Yüzüme memnun bir gülümseme yerleşirken elindeki kitabı kapatıp masaya koyan ve gülümseyen sevgilimin yanına yaklaştım. "Neden uyumadın?" tepsiyi masanın üzerine koyup kahve kupasını elime aldım ve çekinerek sevgilime uzattım. "Seni bekledim" elimdeki kahve kupasını elimi öptükten sonra almış ve dudaklarına götürüp koca bir yudum içmişti.

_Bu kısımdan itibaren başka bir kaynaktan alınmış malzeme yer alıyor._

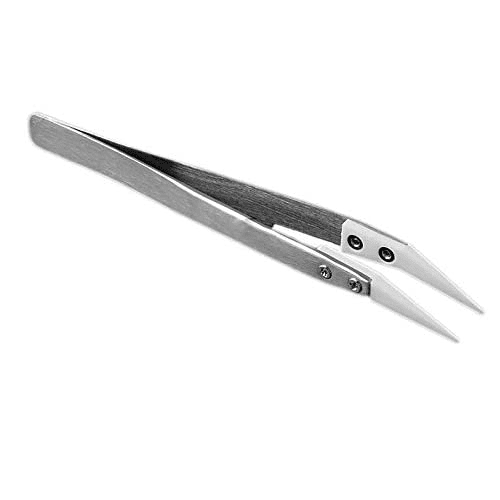 Pinzas acero inox punta ceramica curva resistente al calor v  Gris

Başını yatak başlığına yaslayıp gülümsemiş ve beğendiğini belirten mırıltılar çıkarmıştı. "Nasıl yapıyorsun bunu?" bir yudum daha alıp gözlerini yavaşça kapatmıştı. Alt tarafı kahve. Abartma ya. "Bilmiyorum" demiştim başımı yatak başlığına yaslayıp huzurlu ifadesini izlerken. Bir süre daha eriyerek kahveyi içişini izlemiştim. Bitirdiğinde dudakların iyice yalayıp bardağı yanındaki masaya koymuş ve yavaşça bana doğru dönüp yüzümü incelemişti. "Özür dilerim" uykulu sesi kulaklarıma dolarken bir kahvenin yapabildiklerine hala inanamıyordum. Elimi yavaşça yanağına götürüp okşadığımda gözlerini kapatıp gülümsemiş ve elini belime sarıp kendisine çekmişti.

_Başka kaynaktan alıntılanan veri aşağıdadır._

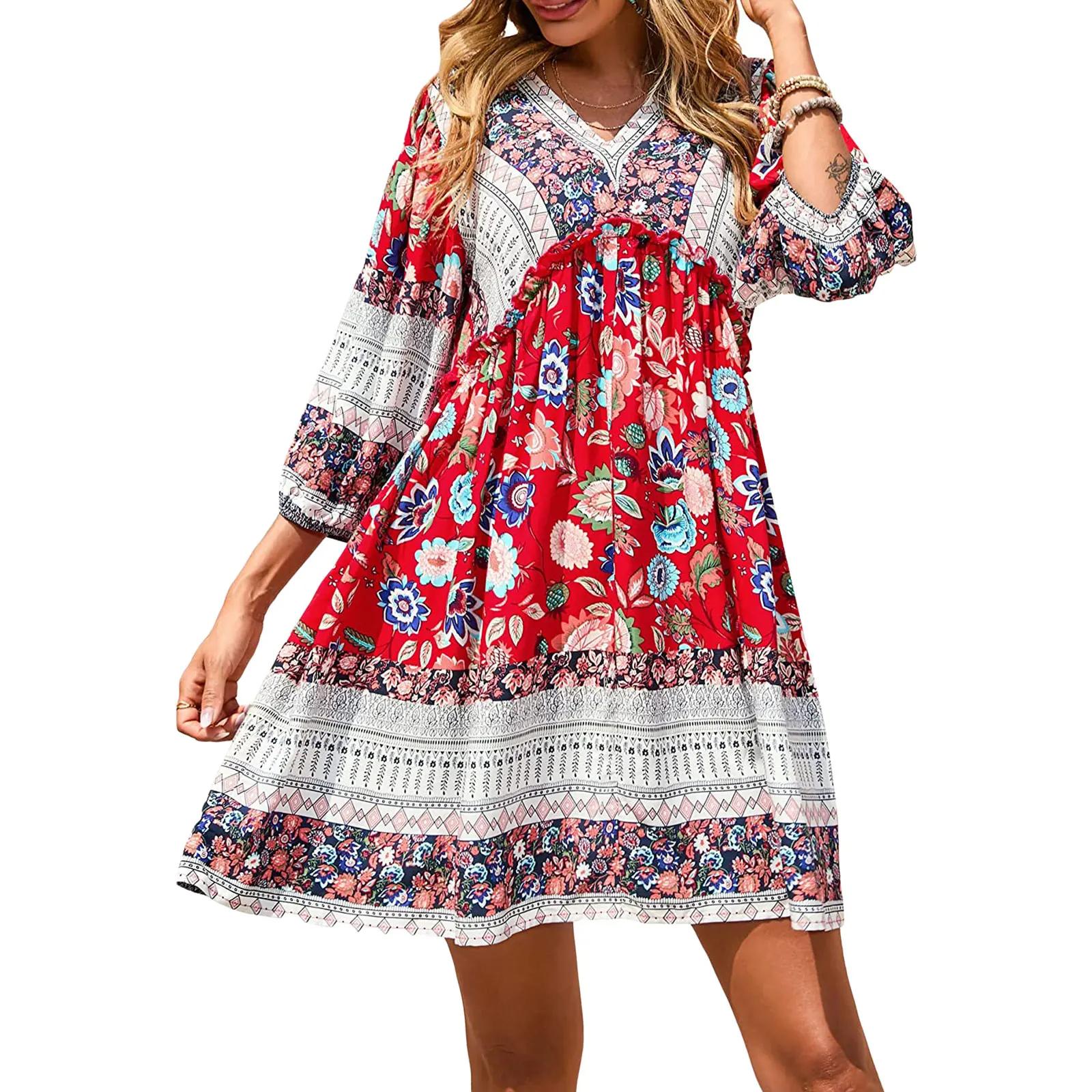 Ethnic%20Style%20Floral%20Print%20V-Neck%20Puff%20Sleeve%20White%20Dress-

"Özür dilemeni gerektirecek bir şey yok Jungkook. Ben fazla ileri gidiyorum. İstemediğini unutuyorum her seferinde, üzgünüm" Kaşlarını çatıp bir süre yüzümü incelemişti. "Seni deli gibi istiyorum Taehyung. En ufak hareketinle bile kuşumu uçururken nasıl böyle
düşünebiliyorsun?" Dediğinde omuz silkmiştim.

"Her seferinde beni durduruyorsun"
Sesli bir nefes vermiş ve gözlerini Sıkıca kapatıp açmıştı. "Sen duramazsan ben de duramam Taehyung. Ben aslında seni durdurarak kendimi de durdurmuş oluyorum" "Neden durduruyorsun ya?" diyip yanağına hafifçe vurduğumda gülmüş ve sinirimden büzülen dudaklarıma sert bir öpücük kondurmuştu. Kafasını boynuma gömüp birkaç kere öpmüş ve belimdeki elini sıkılaştırp beni iyice kendisine çekmişti. İkimiz de ağlamaktan yorgun düşmüştük. Sarmaş dolaş sevgi alış verişi ve tabiki uyku ikimize de iyi gelecekti.

.....

"Kalkın oğluşlarım Jimin ve Yoongi geldi!" Bayan Hei tepemizde cırladığında sıçrayarak uyanmıştık. Jungkook yuvası bildiği boynumdan istemeyerek çıkarken Jimin üzerime atlamıştı. "Ayuvv kırıldı cevizler" Tabi atlamasıyla iki büklüm olup şeyini tutması bir olmuştu. Ben Jiminin yatakta kıvraran bedenine şaşkınca bakarken Jungkook gülmekten neredeyse yere düşecekti. "Of çok acıdı mı?" dedim kendi şeyimi tutarken. Ben bile hissetmiştim onun acısını. "Çıtırt sesini duymadın mı? acıdı tabi"

Jungkook gülerek yataktan kalkmış ve gülmeye devam ederken banyoya girip kapıyı kapatmıştı ama kahkahaları hala duyuluyordu. "Senin bu kaçık sevgilin var ya, benim acı çekmeme bayılıyor" diyip dudak büzdüğünde yanaklarını
Sıkmıştım. "Sizin ne işiniz var burda?" pipişinin üzerindeki elini çekip yatakta oturmuş ve masum ifadesiyle yüzüme bakmıştı. "Jungkook'un üvey babası Yoongi'yi çağırdı. Zaten Jungkook'un
babasıyla araları iyi değilken de görüşüyorlarmış" dediğinde yan sırıtışım yüzümde yer edinmiş ve omzumla Jimin'i dürtüklemiştim.